Natalie Bino

Portrait d’une transitionnaire

Natalie Bino a fondé Zero Waste Switzerland en 2015 et en est aujourd’hui co-directrice. Au menu de cette association : dépasser le cycle vertueux de recyclage des déchets pour carrément affamer nos poubelles. Si elle est convaincue que nos manières de consommer passe par un questionnement individuel de nos désirs et références, Natalie s’impatiente devant le manque de réactivité politique. Pour cette adepte également engagée au sein de Hautemorges en transition, la cause du zéro déchet va gagner en visibilité en 2022 !

Entretien réalisé par Muriel Raemy

En Suisse, 700 kilos de déchets par personne et par an sont produits. Cherchez l’erreur !

Natalie Bino

Muriel : L’association ZeroWaste Switzerland vient d’adopter un nouveau logo, celui d’une planète cabossée et tâchée. Pourquoi ce choix, est-ce un aveu d’échec face à l’ampleur des défis ?

Natalie : Non, au contraire ! Nous voulons faire évoluer l’identité de l’association pour mieux communiquer notre objectif premier : rendre son beau vert brillant à notre planète ! Notre ancien symbole, la roue de l’économie circulaire, a perdu de son sens pour être aujourd’hui très souvent associé au recyclage uniquement. Or notre but est la réduction massive des déchets à la source et avec eux le gaspillage indécent des ressources.

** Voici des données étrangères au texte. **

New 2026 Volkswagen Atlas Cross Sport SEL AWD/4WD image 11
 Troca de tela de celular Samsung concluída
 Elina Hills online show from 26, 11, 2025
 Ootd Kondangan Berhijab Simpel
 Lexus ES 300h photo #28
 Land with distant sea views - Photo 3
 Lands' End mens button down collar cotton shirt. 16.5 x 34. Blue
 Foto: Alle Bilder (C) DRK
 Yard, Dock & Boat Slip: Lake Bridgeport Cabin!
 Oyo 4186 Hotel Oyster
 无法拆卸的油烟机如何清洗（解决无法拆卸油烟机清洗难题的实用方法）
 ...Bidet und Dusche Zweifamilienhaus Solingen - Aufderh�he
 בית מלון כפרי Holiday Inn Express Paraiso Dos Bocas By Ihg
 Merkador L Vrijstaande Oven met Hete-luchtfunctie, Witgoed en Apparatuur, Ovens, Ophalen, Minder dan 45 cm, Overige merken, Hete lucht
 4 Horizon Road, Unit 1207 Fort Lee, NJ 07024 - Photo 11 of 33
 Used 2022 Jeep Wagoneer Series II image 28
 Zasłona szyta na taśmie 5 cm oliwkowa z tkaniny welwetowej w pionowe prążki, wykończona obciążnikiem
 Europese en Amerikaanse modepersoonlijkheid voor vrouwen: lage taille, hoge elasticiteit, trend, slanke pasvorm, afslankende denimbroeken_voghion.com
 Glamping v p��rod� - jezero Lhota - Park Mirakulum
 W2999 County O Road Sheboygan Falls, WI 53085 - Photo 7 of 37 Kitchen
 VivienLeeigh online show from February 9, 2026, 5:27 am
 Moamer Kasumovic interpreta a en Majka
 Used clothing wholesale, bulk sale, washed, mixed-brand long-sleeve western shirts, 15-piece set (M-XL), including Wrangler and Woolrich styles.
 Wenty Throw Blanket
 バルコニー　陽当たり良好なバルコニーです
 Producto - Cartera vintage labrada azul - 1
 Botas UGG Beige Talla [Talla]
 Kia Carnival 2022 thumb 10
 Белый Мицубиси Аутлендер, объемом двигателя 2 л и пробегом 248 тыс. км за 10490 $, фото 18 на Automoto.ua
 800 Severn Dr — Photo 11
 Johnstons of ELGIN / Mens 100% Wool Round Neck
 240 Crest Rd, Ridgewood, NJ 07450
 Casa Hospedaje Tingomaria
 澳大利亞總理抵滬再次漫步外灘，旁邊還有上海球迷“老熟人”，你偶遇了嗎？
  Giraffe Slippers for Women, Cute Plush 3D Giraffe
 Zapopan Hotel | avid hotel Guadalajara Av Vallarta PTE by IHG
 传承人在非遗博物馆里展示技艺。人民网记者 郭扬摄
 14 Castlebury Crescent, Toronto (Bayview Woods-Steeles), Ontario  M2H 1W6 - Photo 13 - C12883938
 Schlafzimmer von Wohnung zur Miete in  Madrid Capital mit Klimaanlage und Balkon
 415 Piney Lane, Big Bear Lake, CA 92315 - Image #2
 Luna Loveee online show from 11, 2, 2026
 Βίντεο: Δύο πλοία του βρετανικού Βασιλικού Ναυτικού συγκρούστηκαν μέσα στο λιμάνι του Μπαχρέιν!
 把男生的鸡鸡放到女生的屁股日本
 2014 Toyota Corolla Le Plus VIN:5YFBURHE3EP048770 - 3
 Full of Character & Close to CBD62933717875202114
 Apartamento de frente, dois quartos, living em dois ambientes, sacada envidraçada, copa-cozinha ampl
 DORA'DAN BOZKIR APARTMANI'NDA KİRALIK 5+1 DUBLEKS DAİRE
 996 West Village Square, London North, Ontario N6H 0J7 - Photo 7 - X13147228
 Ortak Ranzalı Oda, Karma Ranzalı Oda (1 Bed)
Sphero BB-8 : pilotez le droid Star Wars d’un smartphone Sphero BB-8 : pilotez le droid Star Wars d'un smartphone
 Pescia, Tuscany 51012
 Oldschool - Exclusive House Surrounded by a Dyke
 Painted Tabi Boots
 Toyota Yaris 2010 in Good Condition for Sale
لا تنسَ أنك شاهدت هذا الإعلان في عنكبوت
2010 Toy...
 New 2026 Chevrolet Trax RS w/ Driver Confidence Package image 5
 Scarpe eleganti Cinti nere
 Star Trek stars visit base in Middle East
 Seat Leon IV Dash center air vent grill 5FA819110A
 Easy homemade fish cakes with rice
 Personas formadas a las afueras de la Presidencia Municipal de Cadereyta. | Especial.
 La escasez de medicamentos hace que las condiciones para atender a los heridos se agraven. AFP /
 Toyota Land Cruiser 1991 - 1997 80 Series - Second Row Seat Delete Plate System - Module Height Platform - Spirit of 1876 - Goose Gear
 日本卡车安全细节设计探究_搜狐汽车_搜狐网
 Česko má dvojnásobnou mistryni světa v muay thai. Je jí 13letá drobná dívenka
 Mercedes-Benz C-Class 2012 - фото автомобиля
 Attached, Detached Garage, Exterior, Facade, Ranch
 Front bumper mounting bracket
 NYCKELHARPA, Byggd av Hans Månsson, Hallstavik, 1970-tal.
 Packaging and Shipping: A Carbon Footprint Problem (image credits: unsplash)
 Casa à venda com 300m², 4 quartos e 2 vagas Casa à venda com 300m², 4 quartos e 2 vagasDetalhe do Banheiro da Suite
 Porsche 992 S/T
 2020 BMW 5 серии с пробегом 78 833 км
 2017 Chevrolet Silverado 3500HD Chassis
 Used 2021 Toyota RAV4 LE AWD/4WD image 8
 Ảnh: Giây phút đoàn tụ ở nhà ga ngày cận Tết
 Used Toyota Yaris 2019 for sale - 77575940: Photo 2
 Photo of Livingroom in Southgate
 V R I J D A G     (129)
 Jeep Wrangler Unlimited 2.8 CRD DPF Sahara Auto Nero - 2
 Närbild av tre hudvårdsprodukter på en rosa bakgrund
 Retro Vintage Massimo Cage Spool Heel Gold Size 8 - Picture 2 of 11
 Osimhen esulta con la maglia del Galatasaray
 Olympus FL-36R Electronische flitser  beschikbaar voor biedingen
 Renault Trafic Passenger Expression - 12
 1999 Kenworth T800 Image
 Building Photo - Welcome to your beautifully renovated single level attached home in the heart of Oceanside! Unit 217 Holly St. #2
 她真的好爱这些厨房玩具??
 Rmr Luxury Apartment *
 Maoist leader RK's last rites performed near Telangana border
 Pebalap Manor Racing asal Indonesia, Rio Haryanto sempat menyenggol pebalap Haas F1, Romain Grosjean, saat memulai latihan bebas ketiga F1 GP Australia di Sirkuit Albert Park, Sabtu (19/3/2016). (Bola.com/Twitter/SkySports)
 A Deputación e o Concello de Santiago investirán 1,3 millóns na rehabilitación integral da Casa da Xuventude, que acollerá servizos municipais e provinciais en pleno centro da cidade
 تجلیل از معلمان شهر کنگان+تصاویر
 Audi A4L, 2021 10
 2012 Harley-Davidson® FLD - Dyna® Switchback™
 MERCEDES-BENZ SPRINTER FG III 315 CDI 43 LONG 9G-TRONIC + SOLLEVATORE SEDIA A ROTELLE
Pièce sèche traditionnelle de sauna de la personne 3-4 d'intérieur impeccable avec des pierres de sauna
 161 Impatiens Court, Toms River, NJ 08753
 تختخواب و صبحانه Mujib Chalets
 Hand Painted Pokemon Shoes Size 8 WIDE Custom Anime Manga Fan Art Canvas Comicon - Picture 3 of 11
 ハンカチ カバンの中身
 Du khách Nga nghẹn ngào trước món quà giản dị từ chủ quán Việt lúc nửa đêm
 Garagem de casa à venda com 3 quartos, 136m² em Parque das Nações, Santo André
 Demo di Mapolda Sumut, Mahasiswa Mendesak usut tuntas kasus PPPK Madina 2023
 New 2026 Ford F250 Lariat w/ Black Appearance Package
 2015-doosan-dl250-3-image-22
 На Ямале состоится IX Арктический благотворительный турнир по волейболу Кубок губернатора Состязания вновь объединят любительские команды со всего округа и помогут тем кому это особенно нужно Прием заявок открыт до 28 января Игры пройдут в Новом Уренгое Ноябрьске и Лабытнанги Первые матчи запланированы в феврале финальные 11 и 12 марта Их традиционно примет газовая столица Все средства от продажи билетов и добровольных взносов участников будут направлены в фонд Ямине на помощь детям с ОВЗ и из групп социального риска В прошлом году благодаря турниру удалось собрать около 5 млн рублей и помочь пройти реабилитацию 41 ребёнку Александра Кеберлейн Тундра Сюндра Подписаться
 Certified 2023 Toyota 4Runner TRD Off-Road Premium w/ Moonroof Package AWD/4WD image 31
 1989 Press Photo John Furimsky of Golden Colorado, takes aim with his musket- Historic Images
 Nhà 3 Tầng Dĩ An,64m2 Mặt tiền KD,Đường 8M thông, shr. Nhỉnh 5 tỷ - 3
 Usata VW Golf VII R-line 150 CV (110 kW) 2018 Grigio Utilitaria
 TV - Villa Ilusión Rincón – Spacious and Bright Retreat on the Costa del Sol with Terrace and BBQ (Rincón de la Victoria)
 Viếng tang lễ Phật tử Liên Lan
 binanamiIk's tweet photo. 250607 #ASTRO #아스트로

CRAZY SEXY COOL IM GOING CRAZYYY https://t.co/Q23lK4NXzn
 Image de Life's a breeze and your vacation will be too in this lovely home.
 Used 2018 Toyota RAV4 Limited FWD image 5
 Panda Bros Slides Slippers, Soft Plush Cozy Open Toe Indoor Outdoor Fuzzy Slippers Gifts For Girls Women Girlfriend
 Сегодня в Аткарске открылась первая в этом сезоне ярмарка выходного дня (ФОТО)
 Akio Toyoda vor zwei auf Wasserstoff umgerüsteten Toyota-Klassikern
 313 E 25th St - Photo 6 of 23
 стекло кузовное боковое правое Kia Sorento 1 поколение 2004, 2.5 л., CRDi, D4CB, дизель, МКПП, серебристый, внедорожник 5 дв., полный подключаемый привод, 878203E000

M : Comment s’y prend l’association ?

N : Un peu plus d’une centaine de bénévoles sont sur le terrain. Nous organisons des conférences, des ateliers, des semaines thématiques dans les écoles, des formations destinées à différents publics et collectivités. Nous avons, par exemple, accompagné 40 familles du Val-de-Ruz sur une année. Deux projets pilotes sont en cours dans les communes de Carouge (GE) et de Mendrisio (TI). Nous avons mis sur pied des programmes sur mesure, adaptés aux demandes spécifiques des mairies et à leur territoire : guides d’action, formation au niveau de l’administration, ateliers pour les entreprises ou du coaching ciblé en famille. Les poubelles des ménages du Val-de-Ruz ont diminué de presque 50% après 3 mois ! Et ce n’est pas le résultat d’un recyclage plus ciblé, mais bel et bien de l’adoption de nouveaux réflexes de consommation durablement installés. La première des 5 règles – les fameux 5R – et celle de refuser. Refuser d’acheter ce dont on n’a pas besoin, refuser le drill marketing !!

M : Ré-expliquer maintes fois les mêmes conseils aux débutant-e-s que beaucoup d’entre nous sommes, convaincre les milieux économiques : comment restes-tu motivée ?

N : Je sais que le zéro déchet n’est que le premier pas. Certaines personnes vivent une espèce de déclic, une réalisation qui remet en cause de nombreux aspects de leur vie : comment elles et ils utilisent leur argent, se nourrissent, se déplacent, se logent, etc. Quelle joie de pouvoir accompagner ces prises de conscience !

Mais il faut passer à la vitesse supérieure : l’emprunte matérielle de la Suisse est énorme en comparaison de celle des pays de l’Union européenne. Notre pays produit 80 à 90 millions de tonnes par an pour faire face à la demande dans les secteurs de la construction de bâtiments et de voitures, de la consommation d’appareils à la complexité technique qui rend leur recyclage impossible et mobilise des ressources considérables pour extraire les minéraux qui les composent. C’est sur l’ensemble des producteurs et des acteurs de la chaîne d’approvisionnement qu’il faut agir. Au parlement européen, nos voisins pratiquent un lobbyisme intense en matière de réduction des déchets. Qu’attend-on pour en faire de même en Suisse ? Notre nouveau président, Nicolas Walder, conseiller national et vice-président des Vert-e-s, porte nos arguments et nos scénarios pour inciter à l’action. Dans tous les cas, en 2022, nous allons nous concentrer sur notre projet « Adoptons le Zéro Déchet » et créer ainsi un réseau national de commerces et restaurants favorables au zéro déchet.